[ad_1]
Koza Altın İşletmeleri, Doğu Karadeniz Bölgesi’nde maden ocağı açma teşebbüslerini sürdürüyor. Trabzon’un Düzköy ilçesindeki Honefter Yaylası’nda planlanan kompleks maden ocağının akabinde şirket, Araklı ilçesinin Kükürtlü ve Kayacık mahalleleri sonları içinde Bakır Madeni Açık Ocak İşletmesi Projesi planladı. İki maden ocağı için de ÇED süreci başlatıldı.
Proje tanıtım belgesinde yer alan bilgilere nazaran; 20 bin dönümlük ruhsat alanı içerisinde belirlenen 1300 dönümde 112.978 ton hafriyat çalışması ile patlatmalı açık ocak işletmesi halinde bakır madeninin işletilmesi planlanıyor. Kelam konusu proje alanının içinde kaldığı “Trabzon Araklı Yeşilyurt Yılantaş Yaylası Turizm Bölgesi”nin de, 30.01.2021 tarihinde Resmi Gazete’de yayınlanan Cumhurbaşkanı Kararı’yla iptal edildiği ortaya çıktı.
“BU DURUM GELECEĞİMİZİN YIKIMI DEMEKTİR”
Maden ocaklarının ekolojiye verdiği ziyanlar üzerine çalışma yürüten, Metalurji Yüksek Mühendisi Cemalettin Küçük, SÖZCÜ mikrofonlarına yaptığı açıklamada, “Türkiye sömürge madenciliğine açıldı. Uzun yıllardır madenciliğin önünde pürüz olabilecek yasalar değiştirildi. Bu bölge Yılanlı Yaylası’na kadar müdafaa alanı içersindeydi. Burası muhafaza alanından çıkarıldı ve bugün burası maden alanı oldu. 20 bin dönümlük arazinin tamamı, ormanlık, yeşillik alanın tamamı maden alanı olarak ruhsatlandırılmış ve ileride işletmeye açılacak. Bu durum ‘su havzalarının yıkımı, geleceğimizin yıkımı’ demektir” tabirlerini kullandı.
“KARADENİZ’İN DOĞUSUNU, BATISINI ETKİLER”
Maden ocaklarının açılmasıyla kimyasalların canlılar üzerinde olumsuz tesirleri olacağını belirten Küçük, “Gümüşhane’de beşerler nasıl zehirlendiyse, Fatsa’da beşerler nasıl zehirlendiyse, Araklı’yı da tıpkı meseleler bekliyor. Taş ocakları da felaket fakat maden ocağı, taş ocağına benzemez. Şimdilik kimyasal kullanmayacaklarını söylüyorlar lakin kayanın kendisi kimyasaldır.
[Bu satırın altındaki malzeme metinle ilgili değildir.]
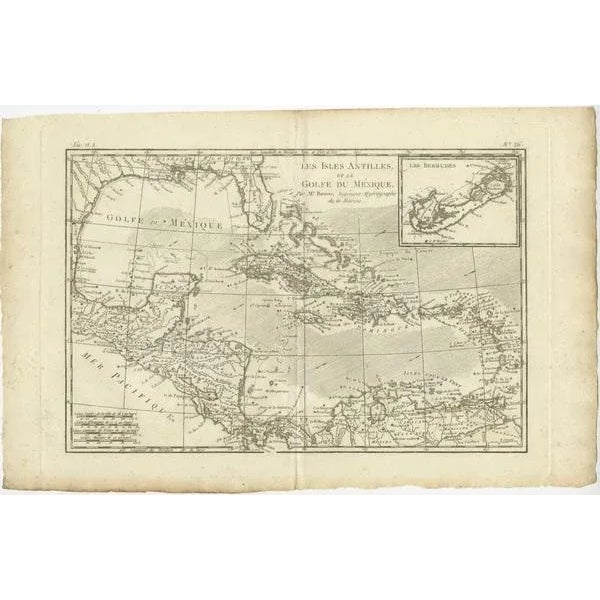 Antique map titled 'les isles antilles et le golfe du méxique'. Original old map of the caribbean, gulf coast and central...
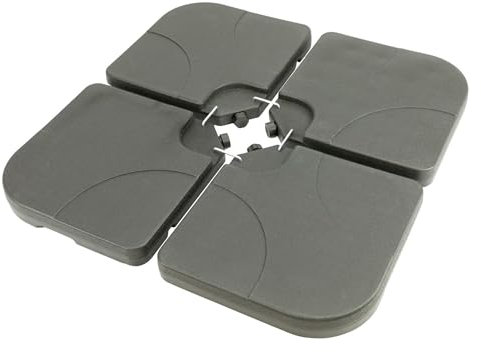 MaxxGarden Supporto per Ombrellone - Set di 4 Pesi per Supporti per Ombrellone, 50 x 50 x 7,5 cm, da Riempire con Acqua o Sabbia, Fino a 100 kg
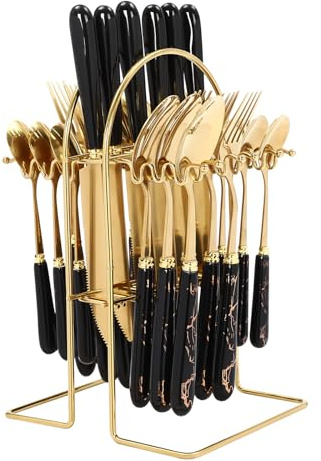 Stainless Steel Flatware Set, 24 Piece Cutlery Set with Holder, Service for 6, Spoons Forks Knives Set, Hanging Set for Restauroom Wedding Birthday Parties (Golden, Black)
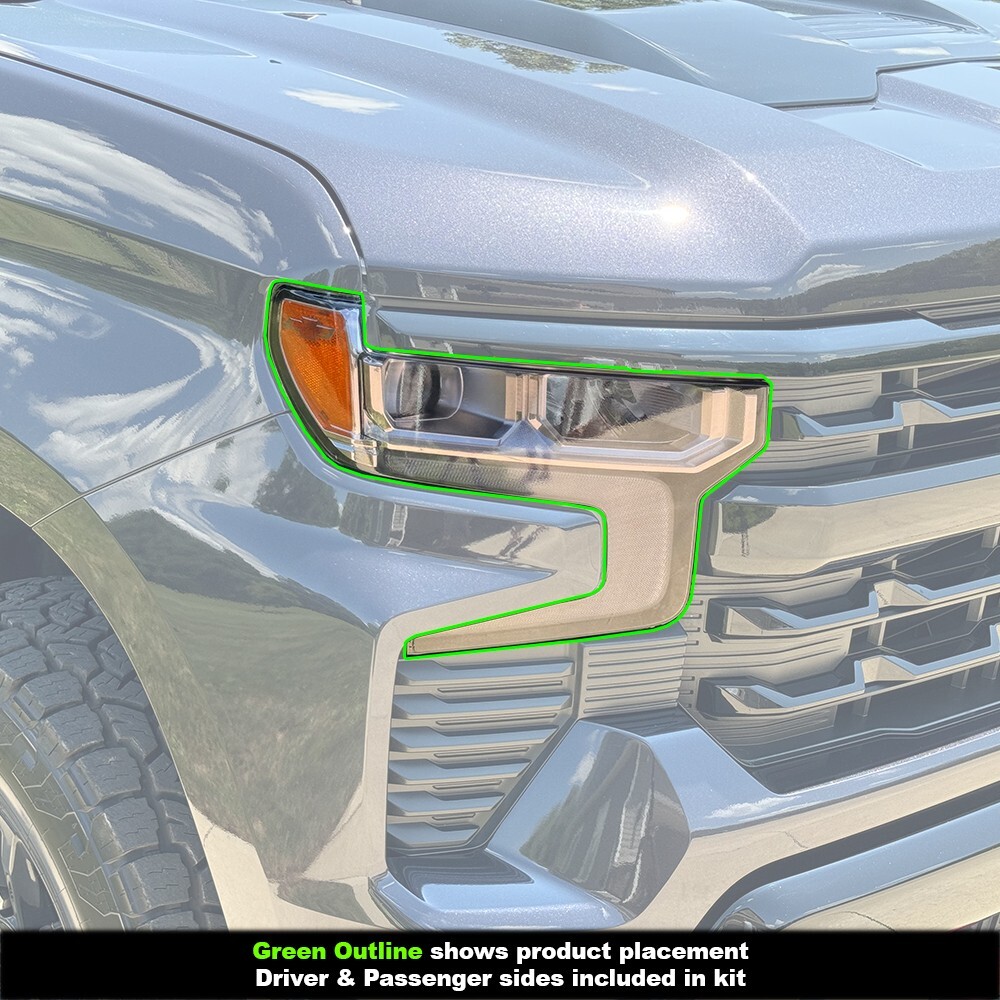 Crux Moto Headlight Tint Full Overlay Light Smoke 50% for Silverado 1500 22+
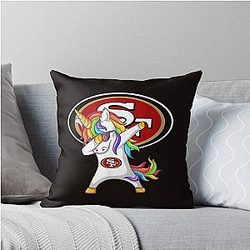 Patrick Unicorn Football Team San Francisco 49er T Shirt Throw Pillow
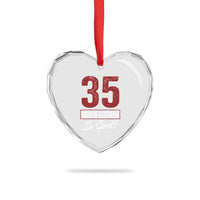 35 Never Looked So Good Funny 35th Birthday Heart Crystal Glass Ornament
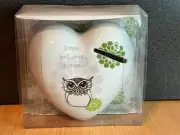 Ceramic White Heart Shaped Money Box Decal Owl Love Believe Dream Home Decor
Burası bakır, çinko, kurşun barındırıyor. Yalnızca alacakları minerallerden bahsediyorlar. Burası açıldığı vakit yağmur sularıyla ya da tabiatın nemiyle, havasıyla karşılaştığı vakit kimyasallarla karşılaşmış oluyor. Bu kimyasalların yaratacağı sonuçlar sonucunda buradan çıkan kirlilik bütün Karadeniz’in batısını ve doğusunu etkileyecektir. Tabiata dokunulmaması gerekir. Maden işletmesi yapılan hiçbir ülke kalkınmamıştır, yalnızca bu süreci yapan şirketler kalkınmıştır” diye konuştu.
“ÖLSEK DE KABUL ETMİYORUZ”
Yaşam alanlarına müdahale edilmesini istemediklerini söyleyen yöre halkından Gülsüm Söylemez, “Burada hiç kimse maden ocağı yapılmasını istemez. Biz burada yaşıyoruz, bizim hayvanlarımız var, tarlalarımız var. Geçimimizi bunlardan sağlıyoruz. Maden ocağı açılınca bunları nasıl yapacağız?” derken Ayşe Kaya ise, “Burası çiftçilik yapılan bir bölge burada maden ocağını istemiyoruz. Biz bunu kabul etmiyoruz, ölsek de kabul etmiyoruz” dedi.
“SOBAYI TUTTUKTAN SONRA SOBANIN YAKTIĞINI ANLIYORUZ”
Maden ocağı açılmasına müsaade vermeyeceklerini belirten Ali Osman Gümüştaş da “Daha evvel HES’ler, dere tahkimatları tabiata tahribat vermişti. Benim çocukluğum bu derede geçti. Bundan sonra gidebileceğim bir yer yok. Bizlerin de hayvanların da hayat alanlarına müdahale ediliyor. Biz millet olarak sobanın bizi yaktığına inanmıyoruz, sobayı tuttuktan sonra sobanın yaktığını anlıyoruz” formunda konuştu.